Instructions for the task
Leave out the pictures and output exactly the lines below from the one with "Lettino bambino stile" down to the one with "Ore wa Shiranai", both of them included.

── Provided records ──

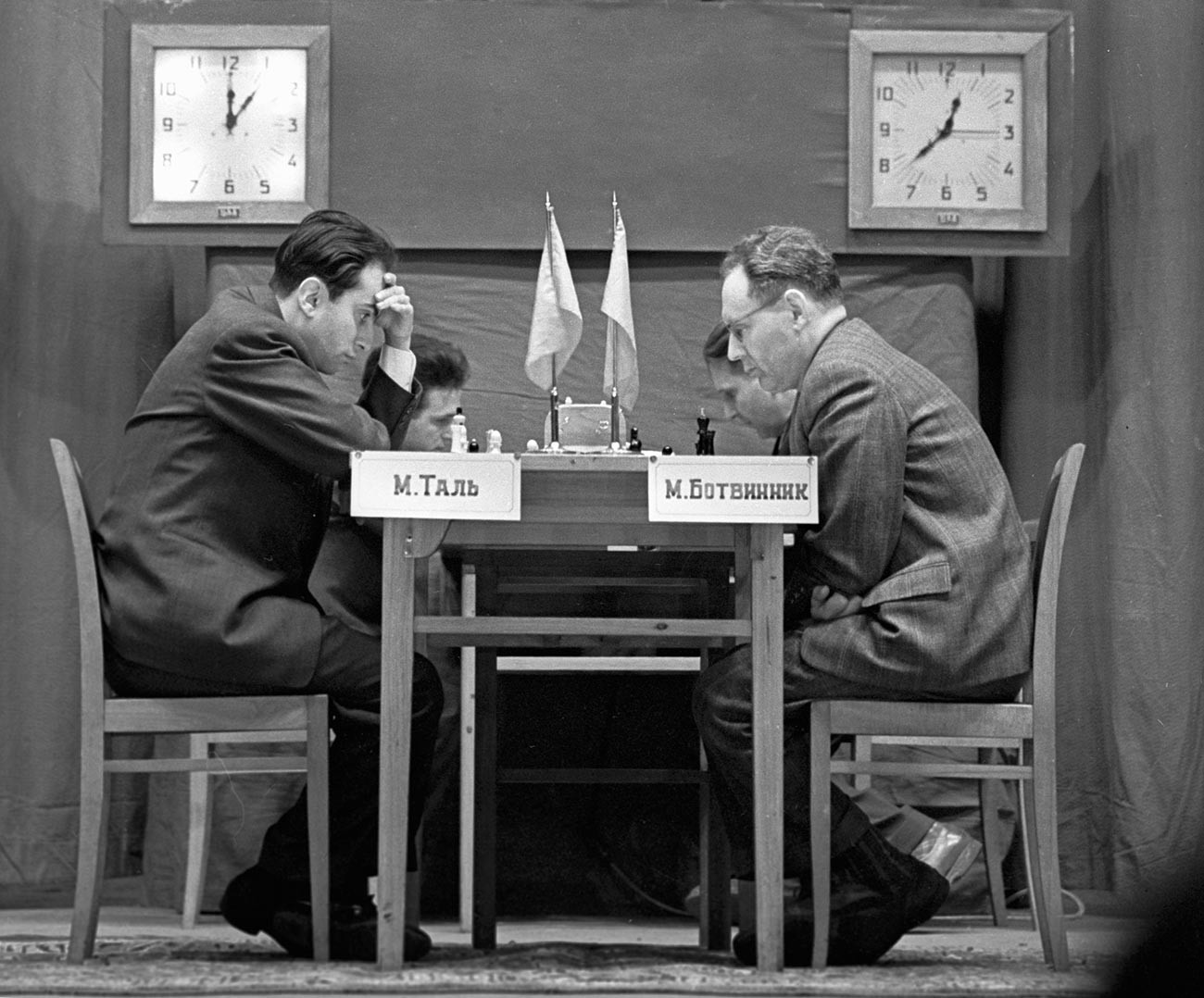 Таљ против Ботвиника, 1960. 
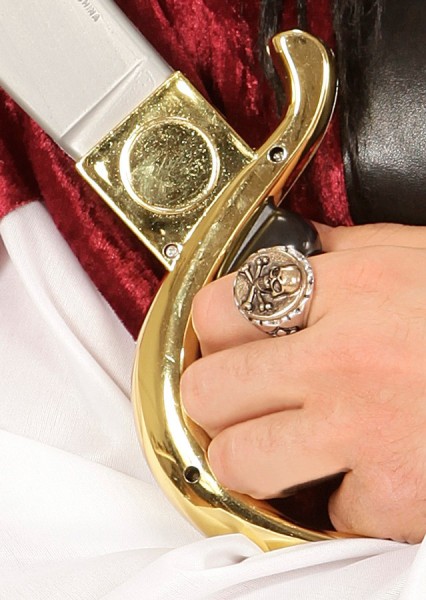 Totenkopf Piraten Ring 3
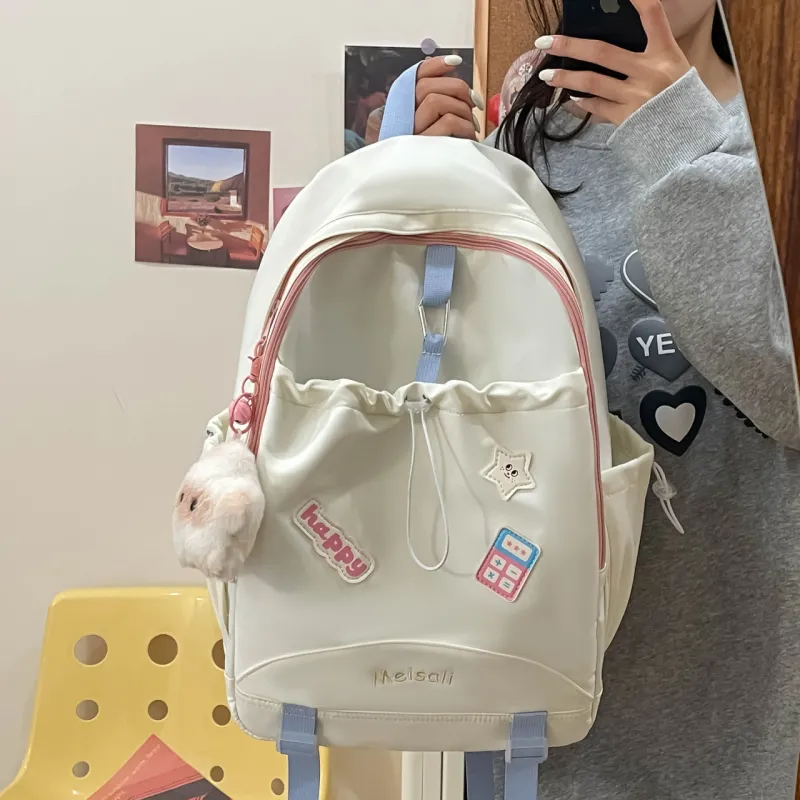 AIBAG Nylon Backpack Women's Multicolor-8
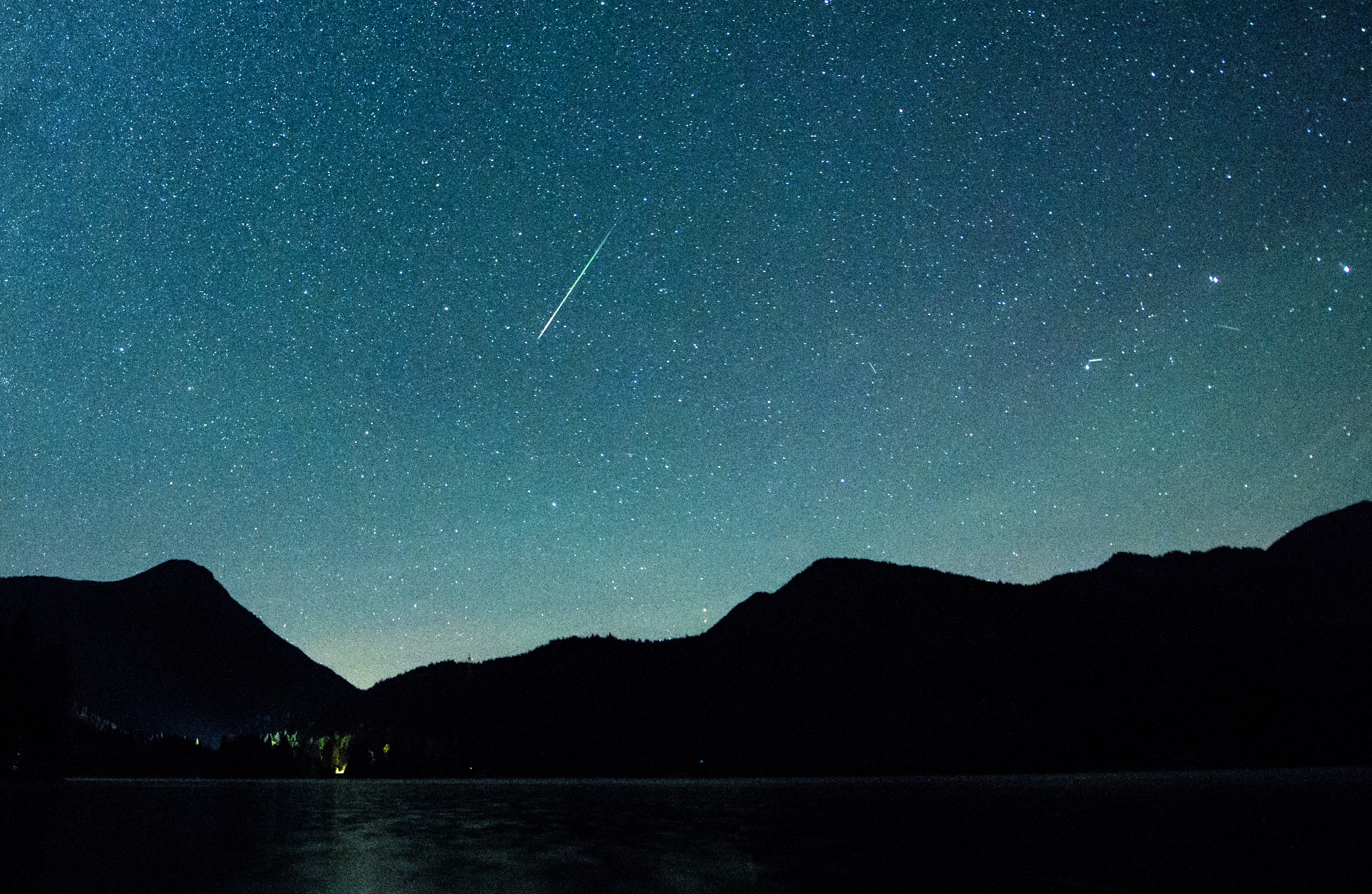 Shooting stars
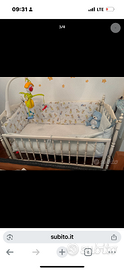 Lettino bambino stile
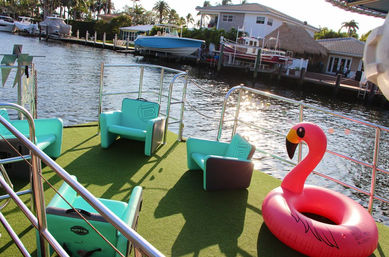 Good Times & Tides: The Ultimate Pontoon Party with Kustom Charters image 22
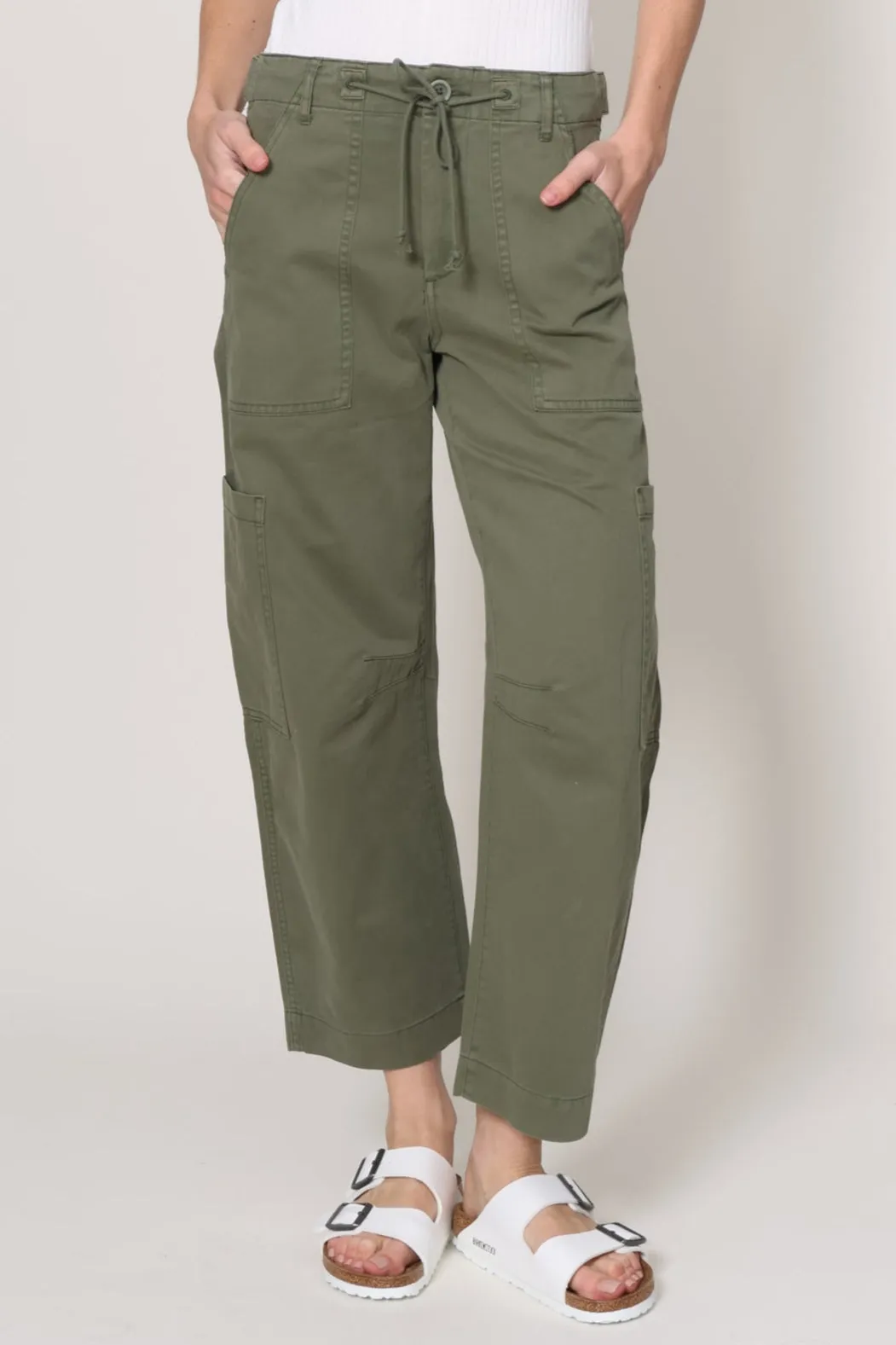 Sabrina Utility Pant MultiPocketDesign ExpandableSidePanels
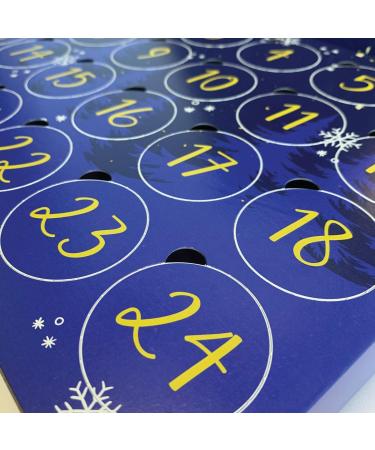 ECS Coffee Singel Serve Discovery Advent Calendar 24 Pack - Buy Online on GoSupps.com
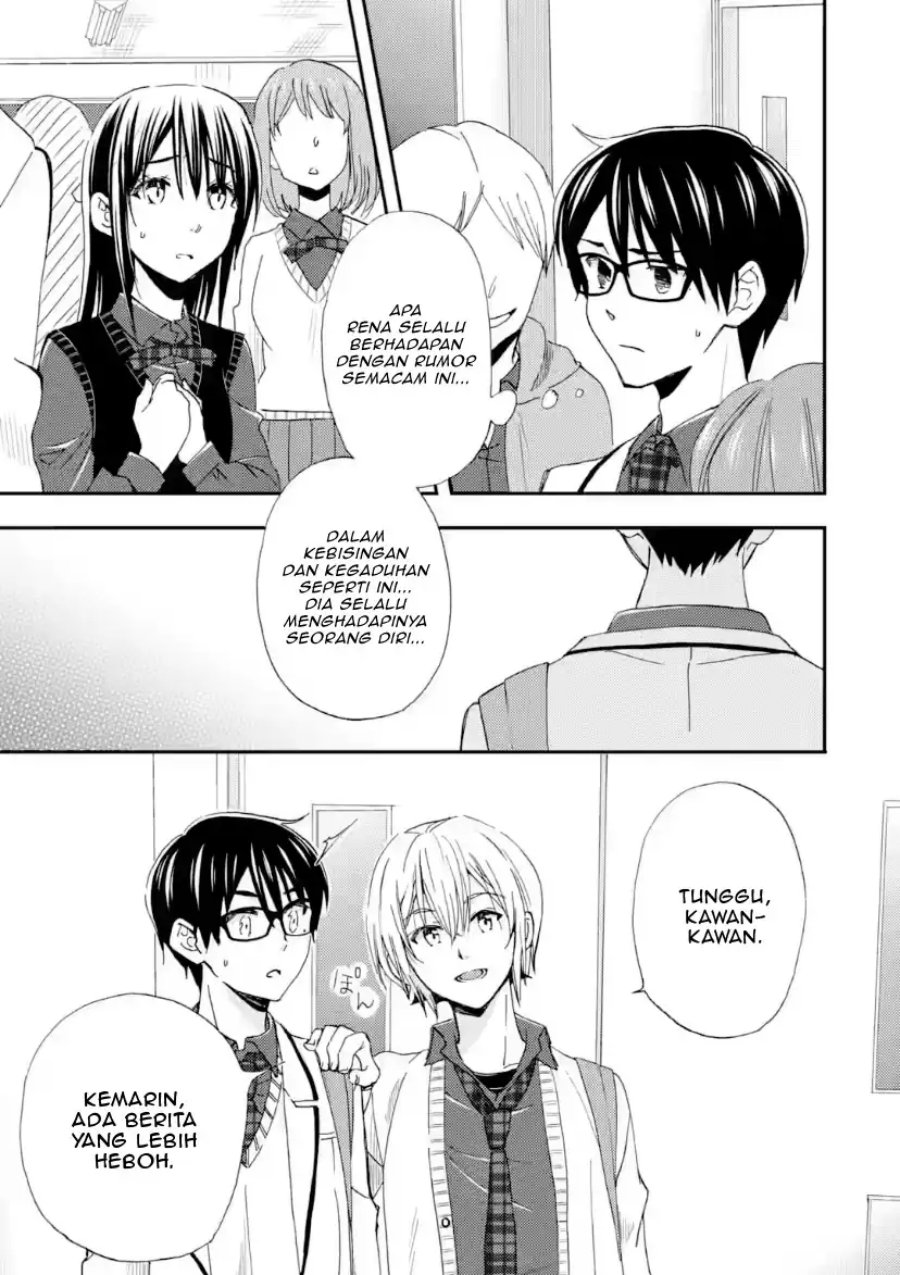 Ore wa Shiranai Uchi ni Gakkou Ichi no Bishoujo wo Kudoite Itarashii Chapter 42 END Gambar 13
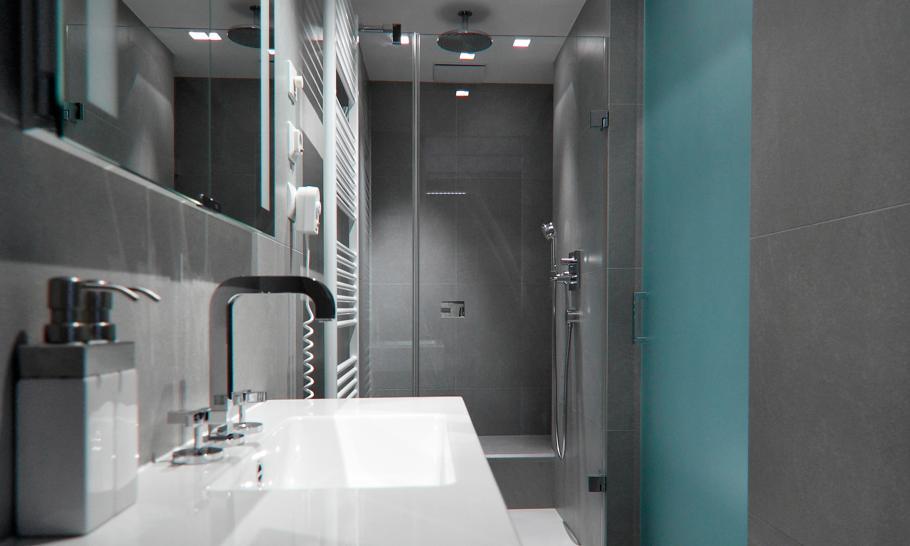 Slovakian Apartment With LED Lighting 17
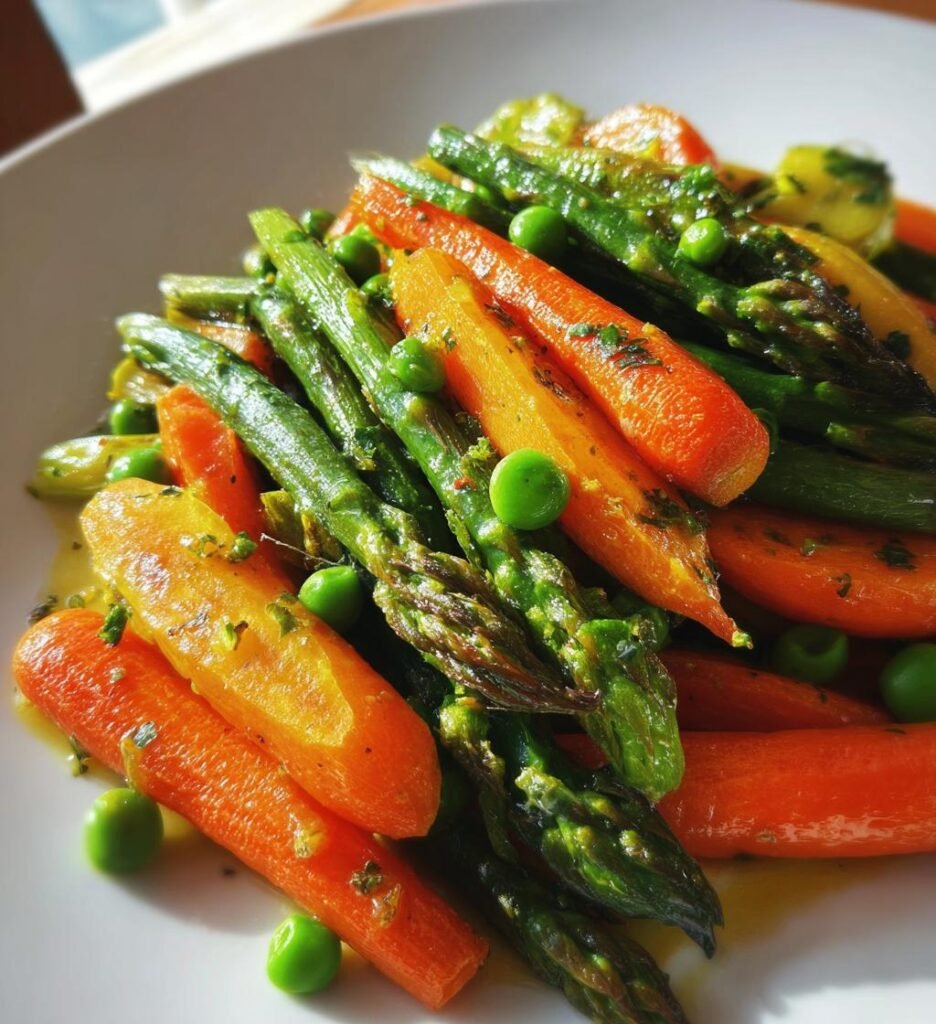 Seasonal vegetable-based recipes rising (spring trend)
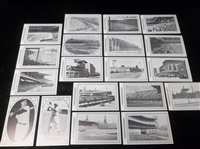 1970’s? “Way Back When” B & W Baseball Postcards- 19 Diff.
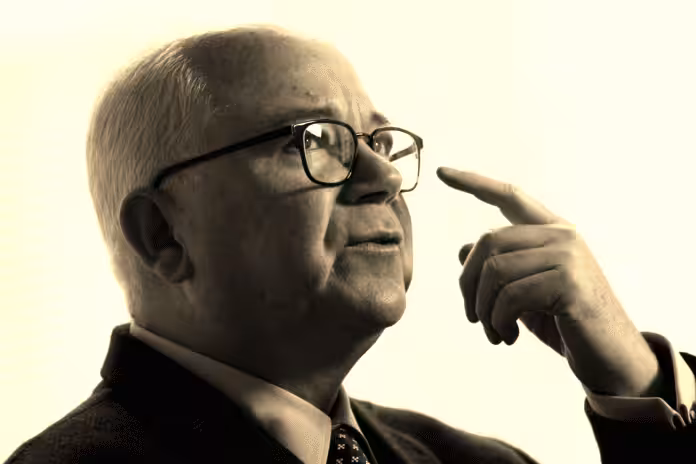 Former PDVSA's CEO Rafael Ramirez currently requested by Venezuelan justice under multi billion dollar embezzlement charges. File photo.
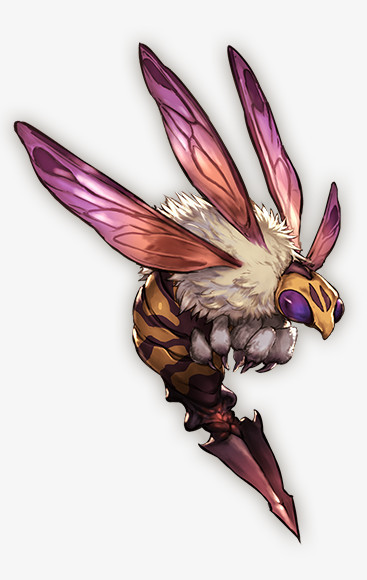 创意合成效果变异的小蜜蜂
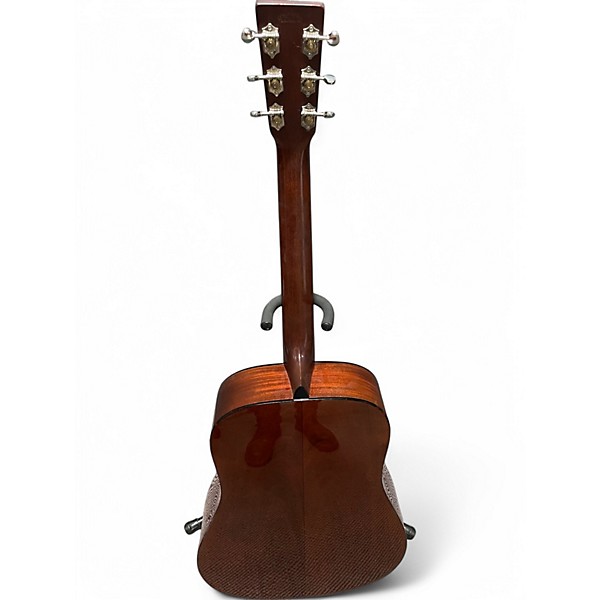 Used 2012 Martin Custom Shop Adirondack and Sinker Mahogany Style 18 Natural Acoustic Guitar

───

Response to this exercise
 Lettino bambino stile
 Good Times & Tides: The Ultimate Pontoon Party with Kustom Charters image 22
 Sabrina Utility Pant MultiPocketDesign ExpandableSidePanels
 ECS Coffee Singel Serve Discovery Advent Calendar 24 Pack - Buy Online on GoSupps.com
 Ore wa Shiranai Uchi ni Gakkou Ichi no Bishoujo wo Kudoite Itarashii Chapter 42 END Gambar 13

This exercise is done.